# [Exercise requirements]
Line tally for "woman": state how many lines of the entries include it, with no other text.

# [Data for processing]
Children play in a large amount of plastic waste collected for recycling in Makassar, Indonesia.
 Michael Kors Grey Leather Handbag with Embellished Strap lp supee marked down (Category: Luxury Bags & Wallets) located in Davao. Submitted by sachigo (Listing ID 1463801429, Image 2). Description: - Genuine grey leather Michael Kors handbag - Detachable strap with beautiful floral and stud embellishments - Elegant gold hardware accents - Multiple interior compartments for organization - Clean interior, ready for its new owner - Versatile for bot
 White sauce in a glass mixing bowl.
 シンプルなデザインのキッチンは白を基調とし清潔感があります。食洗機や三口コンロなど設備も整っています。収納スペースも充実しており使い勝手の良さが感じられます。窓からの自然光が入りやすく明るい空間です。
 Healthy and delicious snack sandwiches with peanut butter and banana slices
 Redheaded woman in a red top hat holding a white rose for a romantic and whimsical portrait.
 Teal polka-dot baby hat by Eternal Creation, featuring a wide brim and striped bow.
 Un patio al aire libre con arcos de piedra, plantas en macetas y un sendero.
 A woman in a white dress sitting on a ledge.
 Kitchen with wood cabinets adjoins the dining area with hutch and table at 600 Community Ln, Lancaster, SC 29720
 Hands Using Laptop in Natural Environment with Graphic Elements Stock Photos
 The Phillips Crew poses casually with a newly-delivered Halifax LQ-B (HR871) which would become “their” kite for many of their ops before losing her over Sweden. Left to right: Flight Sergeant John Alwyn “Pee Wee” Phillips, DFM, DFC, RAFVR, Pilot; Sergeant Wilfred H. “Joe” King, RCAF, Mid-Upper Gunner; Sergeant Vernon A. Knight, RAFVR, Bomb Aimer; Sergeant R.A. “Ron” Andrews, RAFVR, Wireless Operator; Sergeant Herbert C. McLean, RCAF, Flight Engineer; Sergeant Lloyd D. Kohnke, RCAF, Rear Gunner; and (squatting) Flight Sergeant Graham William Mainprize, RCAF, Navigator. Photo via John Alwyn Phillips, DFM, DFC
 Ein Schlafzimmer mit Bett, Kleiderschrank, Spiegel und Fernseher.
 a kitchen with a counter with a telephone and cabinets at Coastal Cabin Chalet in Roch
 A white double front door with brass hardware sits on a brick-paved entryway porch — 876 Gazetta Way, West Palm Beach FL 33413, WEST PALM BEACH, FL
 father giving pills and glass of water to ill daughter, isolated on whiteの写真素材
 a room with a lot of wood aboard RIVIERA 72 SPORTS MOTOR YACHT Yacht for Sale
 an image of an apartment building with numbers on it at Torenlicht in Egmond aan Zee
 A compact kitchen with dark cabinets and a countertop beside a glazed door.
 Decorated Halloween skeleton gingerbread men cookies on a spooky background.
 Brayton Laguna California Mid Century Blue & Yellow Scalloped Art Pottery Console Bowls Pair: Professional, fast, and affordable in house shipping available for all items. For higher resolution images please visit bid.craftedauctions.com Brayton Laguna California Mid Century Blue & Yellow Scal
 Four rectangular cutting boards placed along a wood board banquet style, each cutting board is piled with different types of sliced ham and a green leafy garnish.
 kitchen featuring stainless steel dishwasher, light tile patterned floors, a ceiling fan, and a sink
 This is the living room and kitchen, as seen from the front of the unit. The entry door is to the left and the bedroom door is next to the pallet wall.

# [Solution to this exercise]
2